The problem, according to lenders, is that these rules don't recognize the way construction lending works. For example, developers often purchase parcels of land and sit on them for several years; yet the requirements do not recognize the appreciated value of the land in determining how much equity the developer has to bring to the table.
Since the higher capital requirement is reflected in the price of loans, it puts banks at a competitive disadvantage to nonbank lenders.
"Despite attempts by federal banking regulators to clarify the rule, lenders still have concerns that the criteria are overly inclusive and unclear, resulting in a broad swath of loans defined as HVCRE loans; thus, the rule serves as a disincentive to even prudent loan-making in some circumstances," the bill's authors said in a press release.
The proposed legislation would address this by better defining HVCRE loans. It would also count the appraised value of any real property toward the 15% contributed capital requirement, and allow internally generated funds to be withdrawn from the project.
The bill also defines the conversion from HVCRE status to permanent loan status prior to the end of the loan.
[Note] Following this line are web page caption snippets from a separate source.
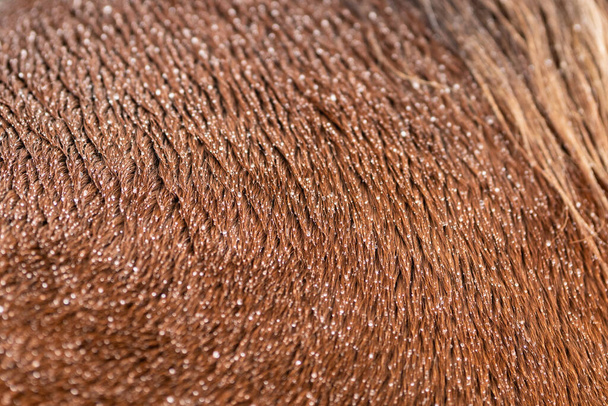 Koňské vlasy plné kapek deště pod sněhem - Fotografie, Obrázek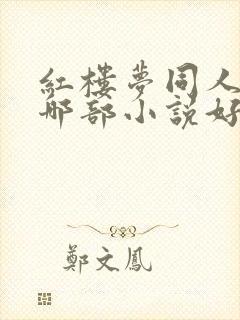 红楼梦同人小说哪部小说好看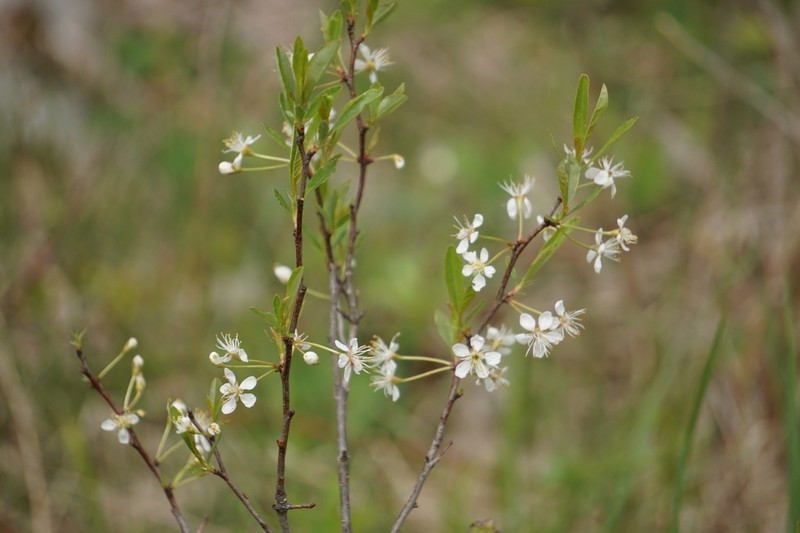 Sesquehana Sandcherry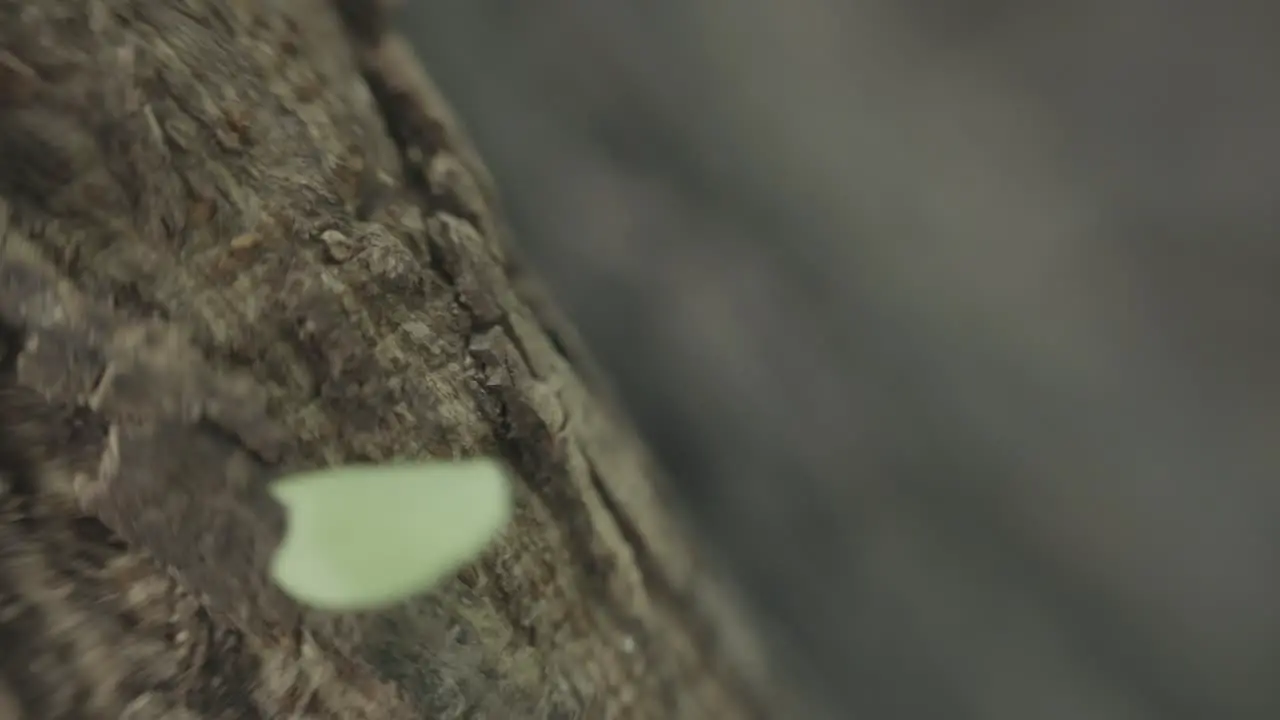 Revealing leaf cutter ants collecting leaves from a tree in the Amazon Forest closeup macro shot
Currently, the Basel III requirements restrict reclassifying a high volatility construction loan to a permanent CRE credit. And loans considered as high volatility must be held for the full term. The Mortgage Bankers Association, for one, has been urging the regulators to allow reclassification earlier, once the loan meets the bank's internal underwriting standards.
And loans made prior to January 2015 would be exempted from the rule.
The bill, H.R. 2148, is supported by more than a dozen trade associations, including the MBA, Independent Community Bankers Association, National Apartment Association, National Association of Home Builders, National Association of Realtors and the Commercial Real Estate Finance Council.
The CRE Finance Council, which represents lenders, investors, asset managers and commercial mortgage-backed securities issuers, welcomed the legislation, calling it "an important step forward in addressing concerns with the rule."
"Our membership looks forward to working with both Congress and the regulators to create solutions that provide clarity to lenders and borrowers while also maintaining critical prudent capital standards," said Executive Director Lisa Pendergast.